Not much bigger than a shoe box, with rope handles and a military-green paint job, it's a pretty unimpressive place to keep such an impressive holiday. But it works for me.
That's because my father made it for me for Christmas 30-some years ago.
It was a footlocker for G.I. Joe, complete with a tray for his miniature M-1 rifle, hand grenades and helmet. I must've used it for four or five years before it - and Joe - disappeared into the attic, outgrown and forgotten.
When Mom was cleaning out a few years ago, I got it back, along with G.I. Joe and most of his stuff. Even the little burlap sandbags Mom had made were there. She'd stuffed them with newspaper and stapled the seams, because while Mom is good at lots of domestic things, sewing isn't one of them.
(Not that it ever bothered me. If you had to choose between a mom who could cook and one who could sew, which would you pick?)

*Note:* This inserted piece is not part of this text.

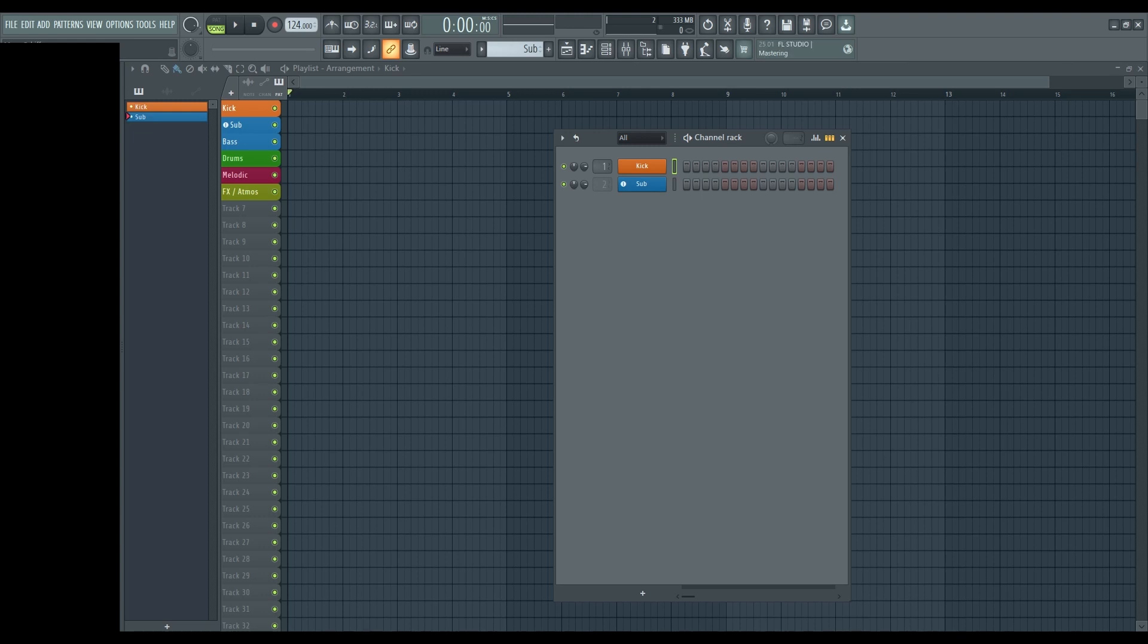That's it. You've successfully installed FL Studio 21 on your Windows computer. Thanks for watching and happy producing!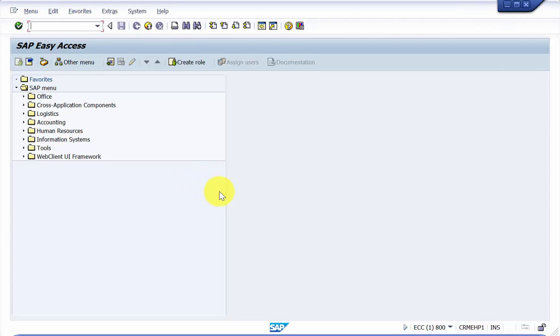Hello everyone, welcome to this video. This is a continuation to the videos with respect to SAP EMM. The purpose of this video is to see how to create a new storage location for a particular plant.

If not for my emotional attachment, I guess I'd consider the box an unremarkable thing. It's pretty simply constructed. And Dad's a tool-and-die maker. When he built it he was also making rocket parts for General Electric, so it's not like it drew heavily on his talents.
But Dad is from that generation of men who didn't get mushy with their kids - or even reason with them. To the contrary, his most memorable words were "stop crying before I give you something to cry about" and "because I said so." Fighting was never a good idea when Dad was around because he never wanted to hear who started it. He just whacked everybody.
(Mom was softer, but then she always had Dad to fall back on. Her most memorable words were "wait till your father gets home ... " More frightening words were rarely uttered.)
I figure guys like Dad showed their love by working hard, providing as best they could, whacking you when they thought you needed it, and maybe once in a while making something like a G.I. Joe footlocker out of some old pine and fiber board.
Something that, 30 years later, I can hold in my hands, though that wasn't his intention.
He just thought his kid would like it. So he built it.
Maybe I read an awful lot into a simple box. But it makes me remember a guy who worked a lot of overtime, sometimes even two jobs, and commuted a couple of hours a day, and who took the time to make his kid a footlocker.
I also remember a woman who was raising four boys and keeping house and trying to make ends meet who took the time to make a bunch of miniature sandbags.
(OK, so she stapled them. They're still holding.)
I don't want to get too sentimental, but I recall love and sacrifice - though I didn't recognize them at the time. And not just that Christmas, but many before and since.
As Christmas themes go - as Christian themes go - love and sacrifice work pretty well for me. After all, it started with those.
And for me they're in that box.
I don't know whether I'll ever give my kids something like that box. I don't have Dad's skills. The teepee I made for them two years ago tilted. The playhouse my daughter wants looks way too complicated. And in general, Lowe's leaves me feeling inadequate.
But I'll bet I could staple something.
Gerry Davies is night metro editor of The Roanoke Times.